WHAT YOU NEED TO DO: Return only the lines from the top of the data down to the one that holds "P1| Chính phủ", both included, without any pictures.

INPUT DATA:
*-*-*
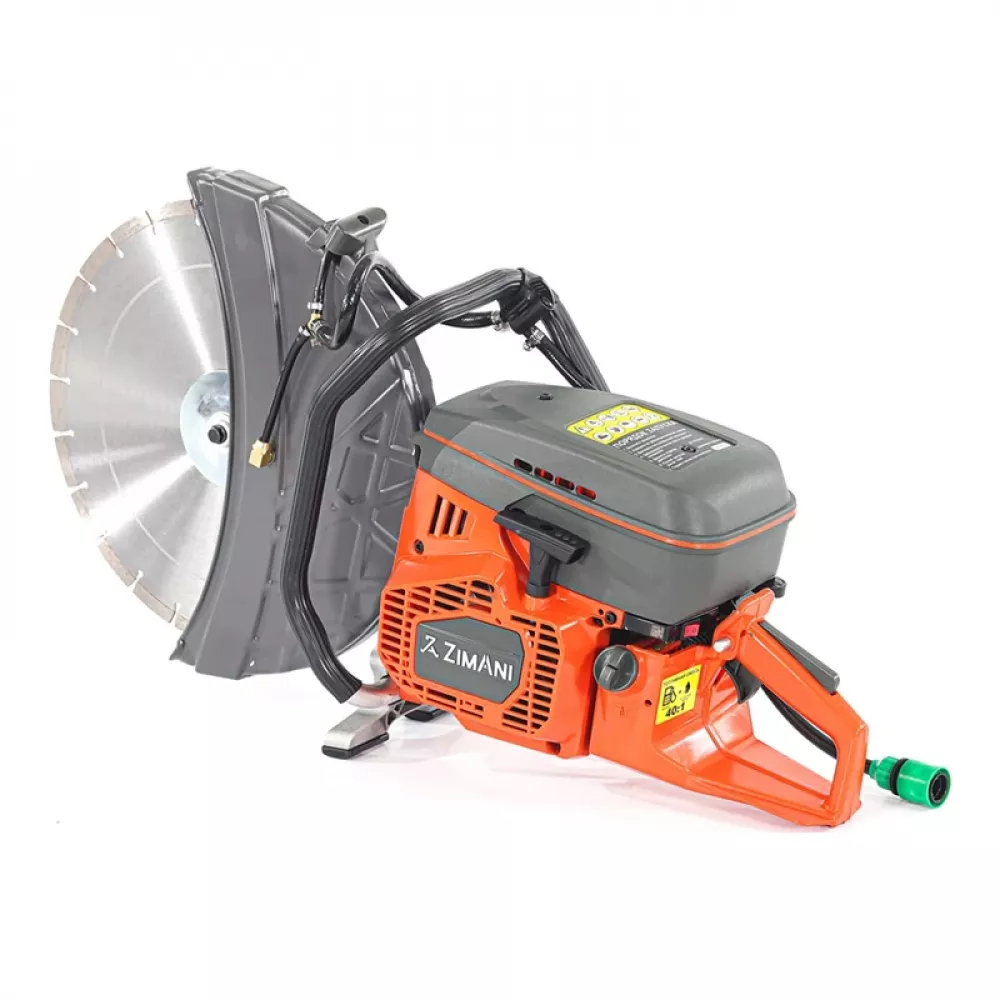 ZimAni K970-16 бензорез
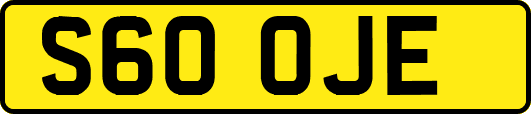 S60OJE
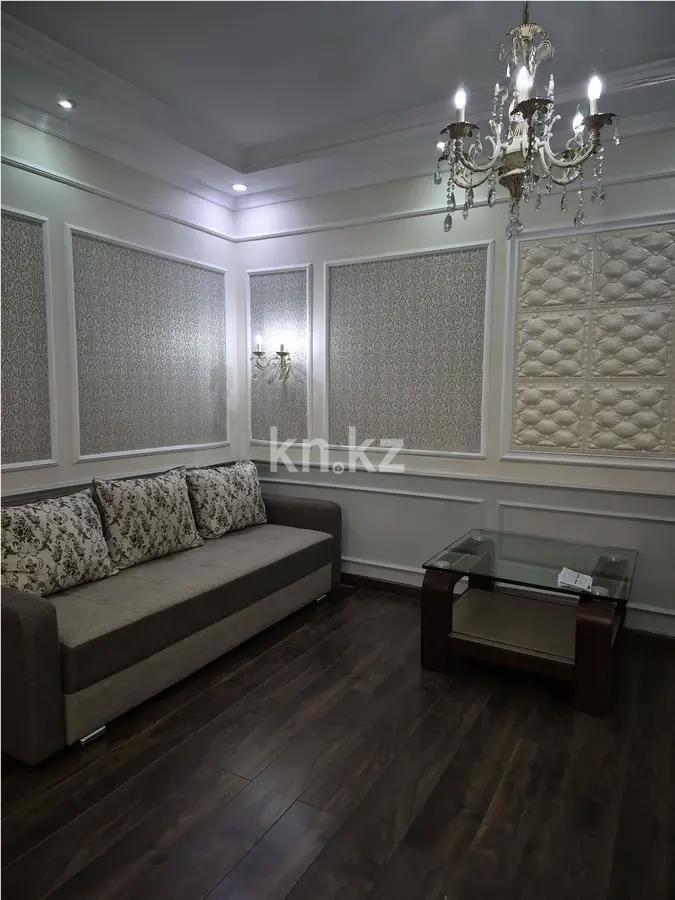 Продажа 1-комнатной квартиры, 56 м² в Алматы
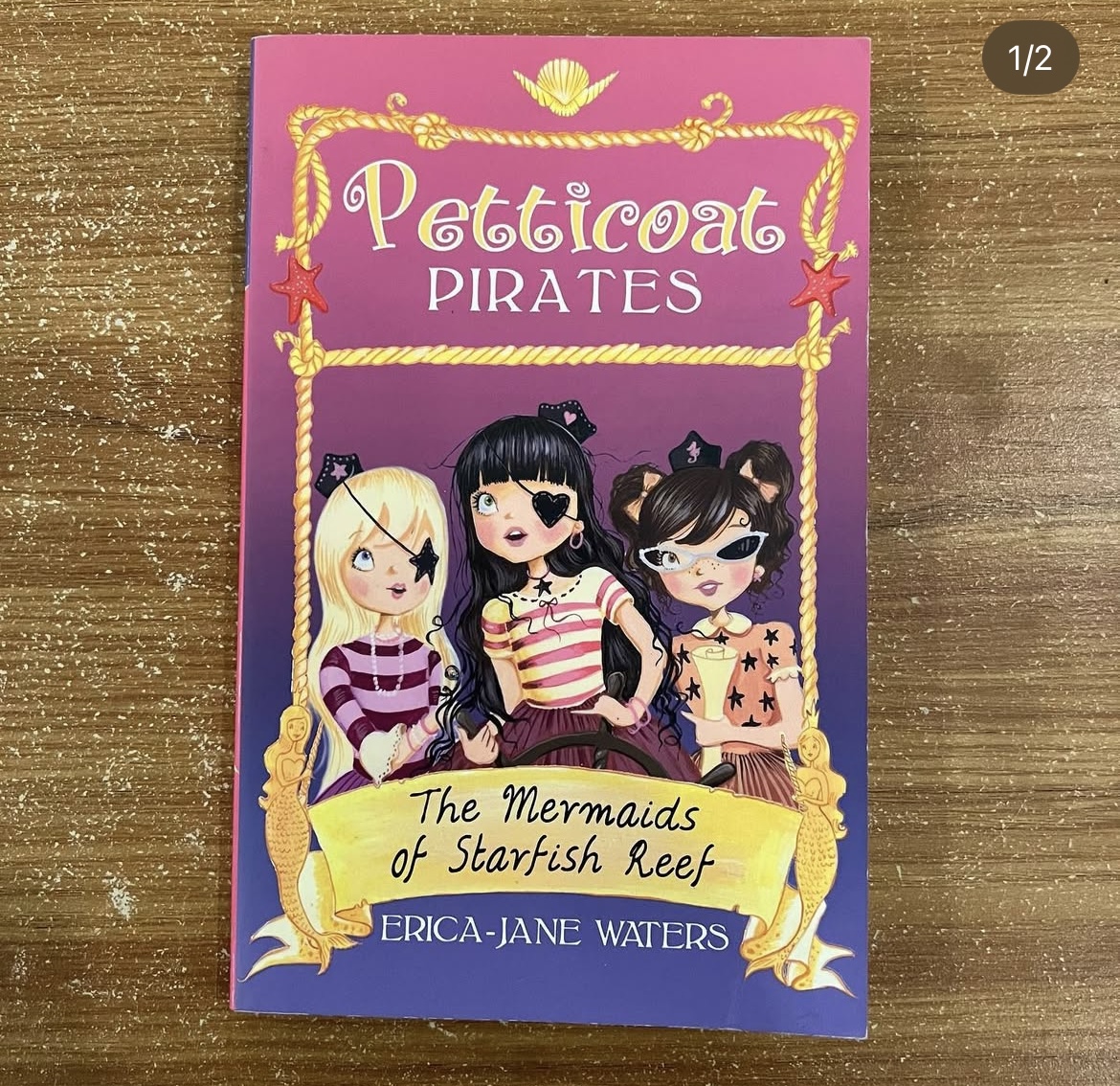 Petticoat pirates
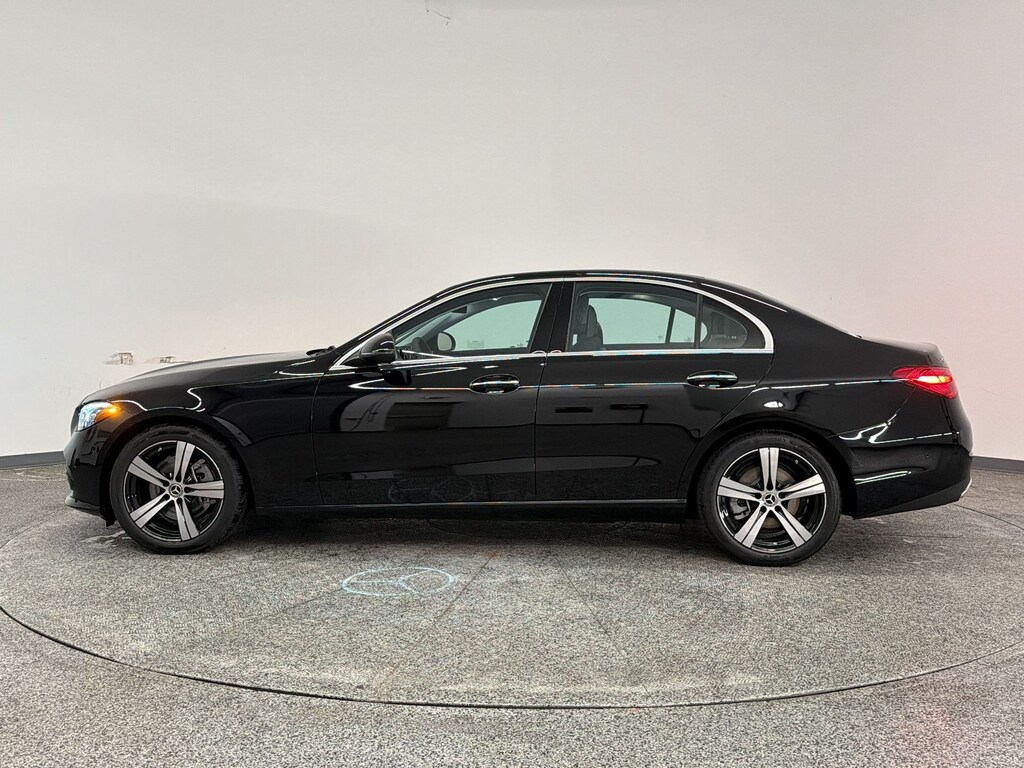 New 2026 Mercedes-Benz C 300 4MATIC Sedan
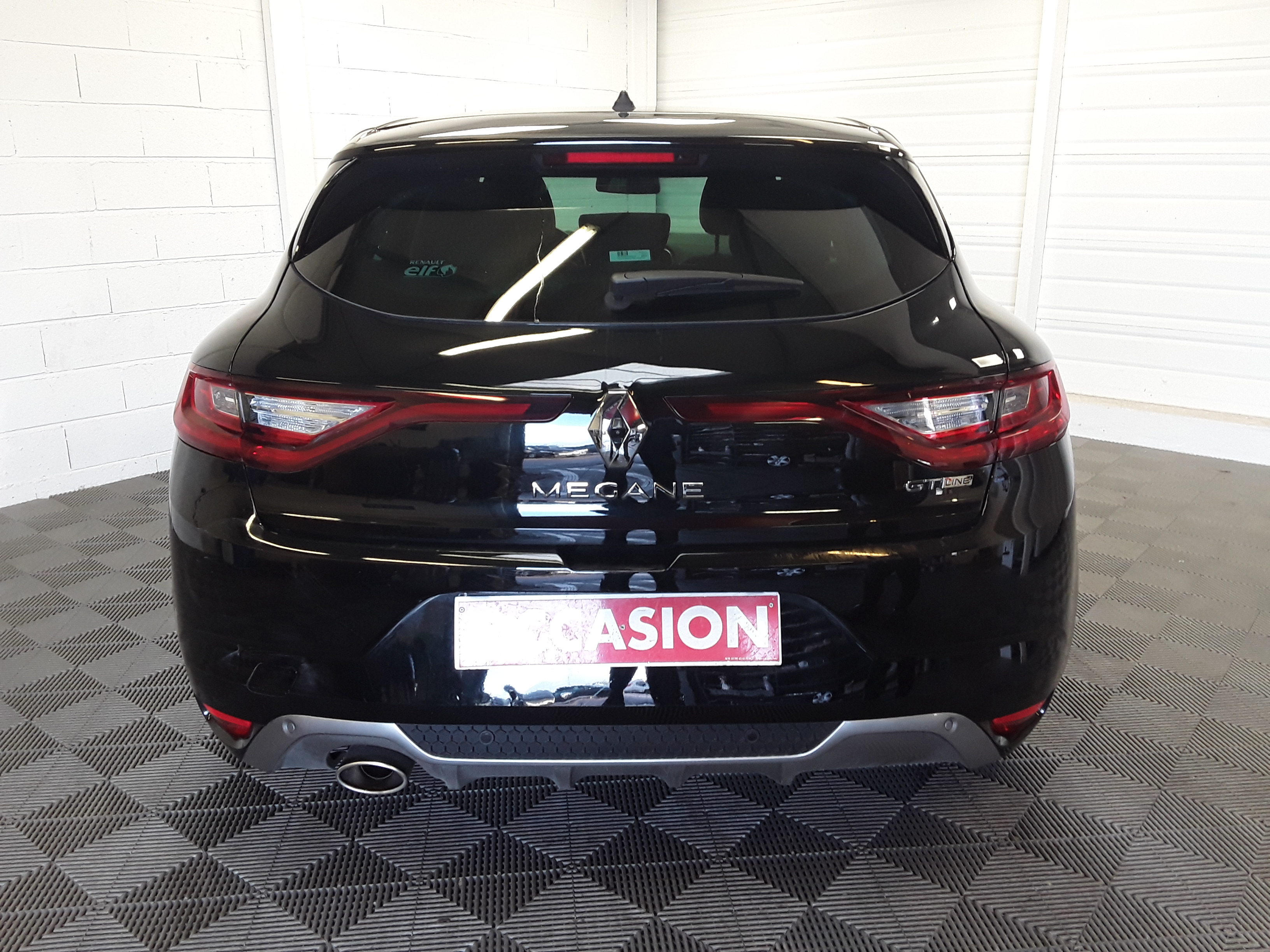 RENAULT MEGANE IV BERLINE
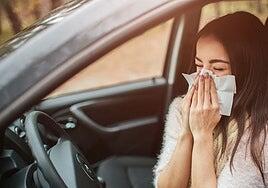 Cómo convertir tu coche en un refugio frente a la alergia primaveral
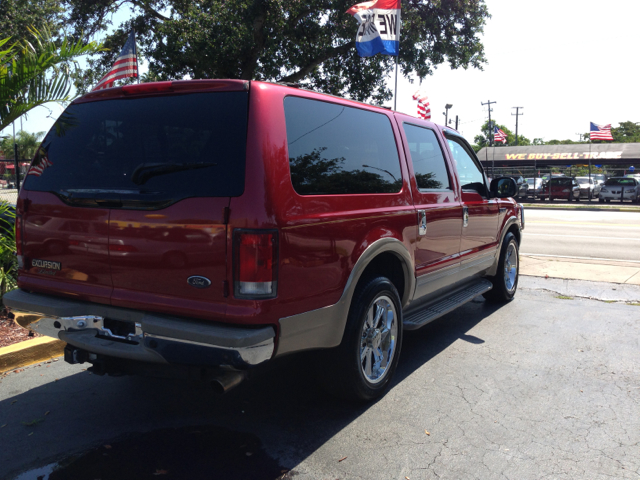 2001 Ford Excursion I Limited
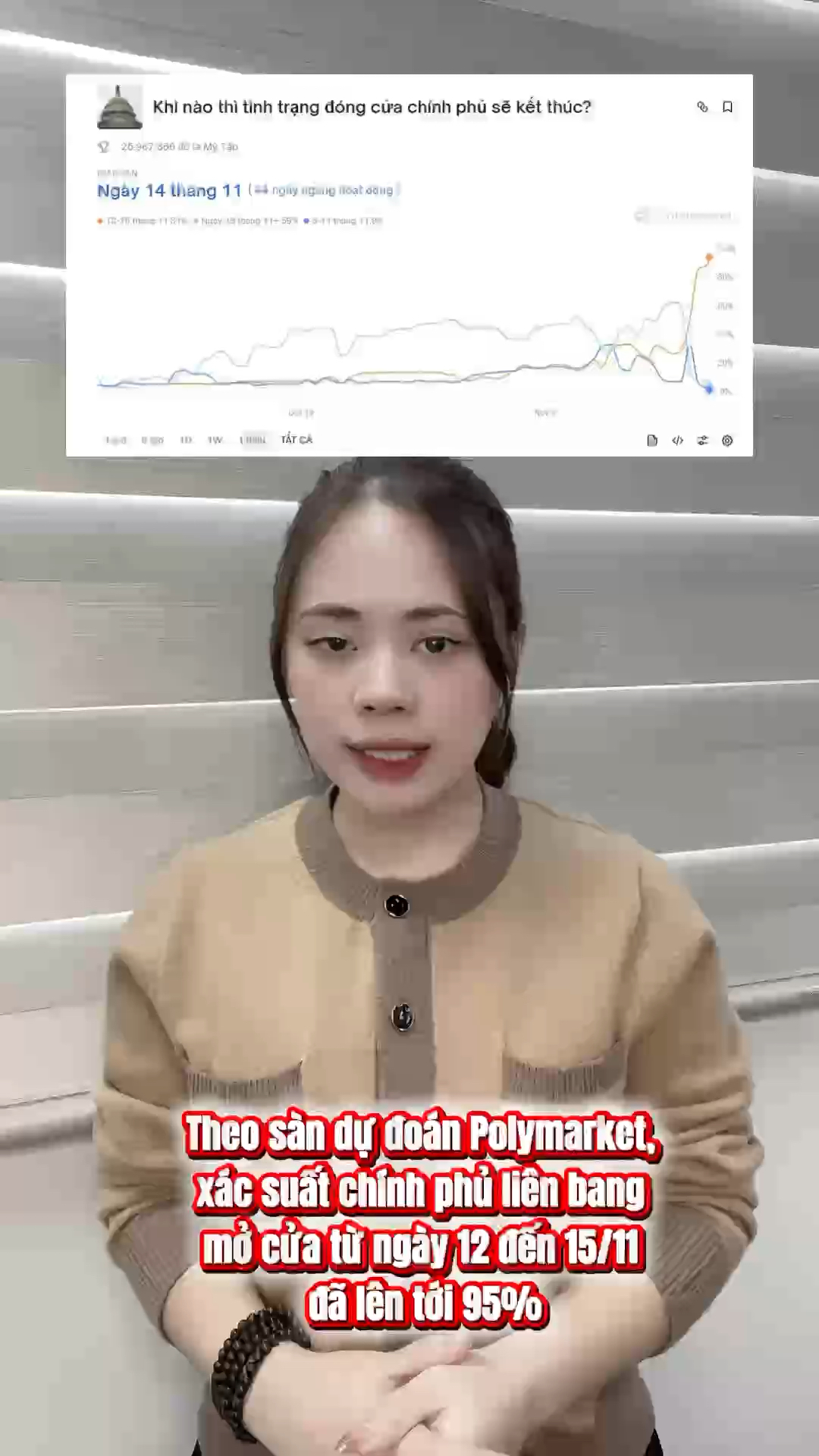 P1| Chính phủ Mỹ sắp mở cửa – Tại sao vàng, bạc lạ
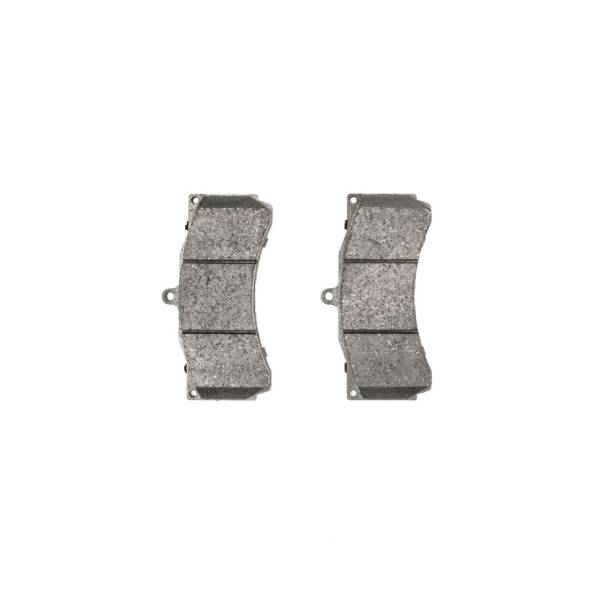 Plaquettes de frein de rechange pour Kit gros frein Carbon céramique Racingline VWR6700CARBON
*-*-*
ANSWER TO THIS EXERCISE:
 ZimAni K970-16 бензорез
 S60OJE
 Продажа 1-комнатной квартиры, 56 м² в Алматы
 Petticoat pirates
 New 2026 Mercedes-Benz C 300 4MATIC Sedan
 RENAULT MEGANE IV BERLINE
 Cómo convertir tu coche en un refugio frente a la alergia primaveral
 2001 Ford Excursion I Limited
 P1| Chính phủ Mỹ sắp mở cửa – Tại sao vàng, bạc lạ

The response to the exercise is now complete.